Scraped caption text data
---------------
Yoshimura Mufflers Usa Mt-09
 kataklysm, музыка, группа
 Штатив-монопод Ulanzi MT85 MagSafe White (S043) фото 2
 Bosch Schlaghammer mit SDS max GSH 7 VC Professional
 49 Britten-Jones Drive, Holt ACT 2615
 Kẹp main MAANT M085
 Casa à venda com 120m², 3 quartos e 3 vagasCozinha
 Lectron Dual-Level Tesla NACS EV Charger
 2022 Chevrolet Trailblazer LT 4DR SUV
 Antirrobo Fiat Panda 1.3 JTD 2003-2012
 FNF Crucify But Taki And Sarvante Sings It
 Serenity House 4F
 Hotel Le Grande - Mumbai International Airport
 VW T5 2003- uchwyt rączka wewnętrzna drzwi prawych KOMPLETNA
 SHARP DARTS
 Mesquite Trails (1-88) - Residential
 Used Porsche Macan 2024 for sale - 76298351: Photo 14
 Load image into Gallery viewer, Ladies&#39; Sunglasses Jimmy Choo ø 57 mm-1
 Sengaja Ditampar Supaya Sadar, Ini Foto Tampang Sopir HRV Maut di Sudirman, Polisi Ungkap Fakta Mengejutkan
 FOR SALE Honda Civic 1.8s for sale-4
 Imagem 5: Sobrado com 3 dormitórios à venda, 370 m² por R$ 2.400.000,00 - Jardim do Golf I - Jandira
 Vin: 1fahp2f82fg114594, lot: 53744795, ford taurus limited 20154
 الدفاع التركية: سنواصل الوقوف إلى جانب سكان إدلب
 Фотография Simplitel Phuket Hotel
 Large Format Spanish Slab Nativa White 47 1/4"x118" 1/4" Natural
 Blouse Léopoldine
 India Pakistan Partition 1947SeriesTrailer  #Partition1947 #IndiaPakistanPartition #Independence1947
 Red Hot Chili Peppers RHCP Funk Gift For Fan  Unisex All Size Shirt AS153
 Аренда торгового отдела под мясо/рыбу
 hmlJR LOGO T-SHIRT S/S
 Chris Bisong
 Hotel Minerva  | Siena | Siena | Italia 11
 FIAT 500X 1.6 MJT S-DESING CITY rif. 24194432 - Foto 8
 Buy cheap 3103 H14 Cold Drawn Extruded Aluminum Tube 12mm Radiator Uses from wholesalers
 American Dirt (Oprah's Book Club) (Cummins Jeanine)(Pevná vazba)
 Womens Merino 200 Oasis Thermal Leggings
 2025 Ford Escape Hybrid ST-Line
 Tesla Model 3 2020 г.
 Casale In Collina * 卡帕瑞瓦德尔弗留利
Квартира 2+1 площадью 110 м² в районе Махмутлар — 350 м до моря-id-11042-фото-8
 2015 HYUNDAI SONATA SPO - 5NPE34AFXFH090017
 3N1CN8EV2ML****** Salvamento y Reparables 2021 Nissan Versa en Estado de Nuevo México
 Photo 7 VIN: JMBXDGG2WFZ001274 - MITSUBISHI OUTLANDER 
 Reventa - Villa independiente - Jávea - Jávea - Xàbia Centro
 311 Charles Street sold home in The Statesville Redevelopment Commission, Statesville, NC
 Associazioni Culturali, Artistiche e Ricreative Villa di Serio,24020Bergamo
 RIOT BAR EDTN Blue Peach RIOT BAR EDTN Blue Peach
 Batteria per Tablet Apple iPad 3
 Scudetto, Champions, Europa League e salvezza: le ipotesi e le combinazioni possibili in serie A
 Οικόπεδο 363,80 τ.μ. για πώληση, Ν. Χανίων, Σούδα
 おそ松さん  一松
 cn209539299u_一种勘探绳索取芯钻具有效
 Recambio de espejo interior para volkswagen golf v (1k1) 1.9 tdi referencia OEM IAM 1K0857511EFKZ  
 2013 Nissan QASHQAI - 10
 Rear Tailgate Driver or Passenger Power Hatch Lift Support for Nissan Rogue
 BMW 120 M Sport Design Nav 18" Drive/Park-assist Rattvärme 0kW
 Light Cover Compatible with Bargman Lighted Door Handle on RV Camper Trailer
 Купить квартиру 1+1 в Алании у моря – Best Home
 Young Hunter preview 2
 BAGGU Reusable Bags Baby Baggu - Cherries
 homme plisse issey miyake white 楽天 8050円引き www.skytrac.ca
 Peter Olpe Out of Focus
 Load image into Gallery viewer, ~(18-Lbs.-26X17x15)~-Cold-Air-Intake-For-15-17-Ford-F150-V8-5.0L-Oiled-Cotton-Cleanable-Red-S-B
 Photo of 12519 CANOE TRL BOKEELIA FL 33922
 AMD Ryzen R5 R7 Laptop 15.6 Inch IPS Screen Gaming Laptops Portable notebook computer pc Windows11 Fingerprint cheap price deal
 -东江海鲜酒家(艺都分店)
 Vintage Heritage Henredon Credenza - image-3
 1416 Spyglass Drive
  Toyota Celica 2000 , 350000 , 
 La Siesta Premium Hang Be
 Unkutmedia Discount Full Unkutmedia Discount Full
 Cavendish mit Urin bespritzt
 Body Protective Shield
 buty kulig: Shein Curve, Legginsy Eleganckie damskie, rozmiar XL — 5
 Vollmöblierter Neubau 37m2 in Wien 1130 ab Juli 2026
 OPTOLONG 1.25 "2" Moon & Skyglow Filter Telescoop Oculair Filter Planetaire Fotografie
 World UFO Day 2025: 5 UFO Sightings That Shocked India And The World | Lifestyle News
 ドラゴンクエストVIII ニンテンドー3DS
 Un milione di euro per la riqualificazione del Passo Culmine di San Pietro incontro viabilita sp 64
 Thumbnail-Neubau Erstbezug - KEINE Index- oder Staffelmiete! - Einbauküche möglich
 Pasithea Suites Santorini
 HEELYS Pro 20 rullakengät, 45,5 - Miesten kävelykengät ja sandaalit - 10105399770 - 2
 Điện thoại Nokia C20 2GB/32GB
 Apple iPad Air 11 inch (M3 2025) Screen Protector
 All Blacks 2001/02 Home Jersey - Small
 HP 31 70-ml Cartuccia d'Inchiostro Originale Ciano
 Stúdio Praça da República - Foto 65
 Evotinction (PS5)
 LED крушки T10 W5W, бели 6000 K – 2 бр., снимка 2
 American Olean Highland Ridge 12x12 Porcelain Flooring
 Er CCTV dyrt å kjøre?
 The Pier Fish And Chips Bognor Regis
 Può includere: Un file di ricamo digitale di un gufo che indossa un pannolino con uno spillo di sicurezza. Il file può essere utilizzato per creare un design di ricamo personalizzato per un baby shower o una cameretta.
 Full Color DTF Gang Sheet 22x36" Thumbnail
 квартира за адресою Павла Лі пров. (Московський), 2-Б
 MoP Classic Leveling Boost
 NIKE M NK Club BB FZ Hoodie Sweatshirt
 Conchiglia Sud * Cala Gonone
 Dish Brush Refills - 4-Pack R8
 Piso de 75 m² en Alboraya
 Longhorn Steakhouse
---------------
=== WHAT YOU WILL DO ===
Without changing anything, quote the lines from the top of the data to the line that contains "American Dirt (Oprah's", including that line.

=== REPLY TO THE TASK ===
Yoshimura Mufflers Usa Mt-09
 kataklysm, музыка, группа
 Штатив-монопод Ulanzi MT85 MagSafe White (S043) фото 2
 Bosch Schlaghammer mit SDS max GSH 7 VC Professional
 49 Britten-Jones Drive, Holt ACT 2615
 Kẹp main MAANT M085
 Casa à venda com 120m², 3 quartos e 3 vagasCozinha
 Lectron Dual-Level Tesla NACS EV Charger
 2022 Chevrolet Trailblazer LT 4DR SUV
 Antirrobo Fiat Panda 1.3 JTD 2003-2012
 FNF Crucify But Taki And Sarvante Sings It
 Serenity House 4F
 Hotel Le Grande - Mumbai International Airport
 VW T5 2003- uchwyt rączka wewnętrzna drzwi prawych KOMPLETNA
 SHARP DARTS
 Mesquite Trails (1-88) - Residential
 Used Porsche Macan 2024 for sale - 76298351: Photo 14
 Load image into Gallery viewer, Ladies&#39; Sunglasses Jimmy Choo ø 57 mm-1
 Sengaja Ditampar Supaya Sadar, Ini Foto Tampang Sopir HRV Maut di Sudirman, Polisi Ungkap Fakta Mengejutkan
 FOR SALE Honda Civic 1.8s for sale-4
 Imagem 5: Sobrado com 3 dormitórios à venda, 370 m² por R$ 2.400.000,00 - Jardim do Golf I - Jandira
 Vin: 1fahp2f82fg114594, lot: 53744795, ford taurus limited 20154
 الدفاع التركية: سنواصل الوقوف إلى جانب سكان إدلب
 Фотография Simplitel Phuket Hotel
 Large Format Spanish Slab Nativa White 47 1/4"x118" 1/4" Natural
 Blouse Léopoldine
 India Pakistan Partition 1947SeriesTrailer  #Partition1947 #IndiaPakistanPartition #Independence1947
 Red Hot Chili Peppers RHCP Funk Gift For Fan  Unisex All Size Shirt AS153
 Аренда торгового отдела под мясо/рыбу
 hmlJR LOGO T-SHIRT S/S
 Chris Bisong
 Hotel Minerva  | Siena | Siena | Italia 11
 FIAT 500X 1.6 MJT S-DESING CITY rif. 24194432 - Foto 8
 Buy cheap 3103 H14 Cold Drawn Extruded Aluminum Tube 12mm Radiator Uses from wholesalers
 American Dirt (Oprah's Book Club) (Cummins Jeanine)(Pevná vazba)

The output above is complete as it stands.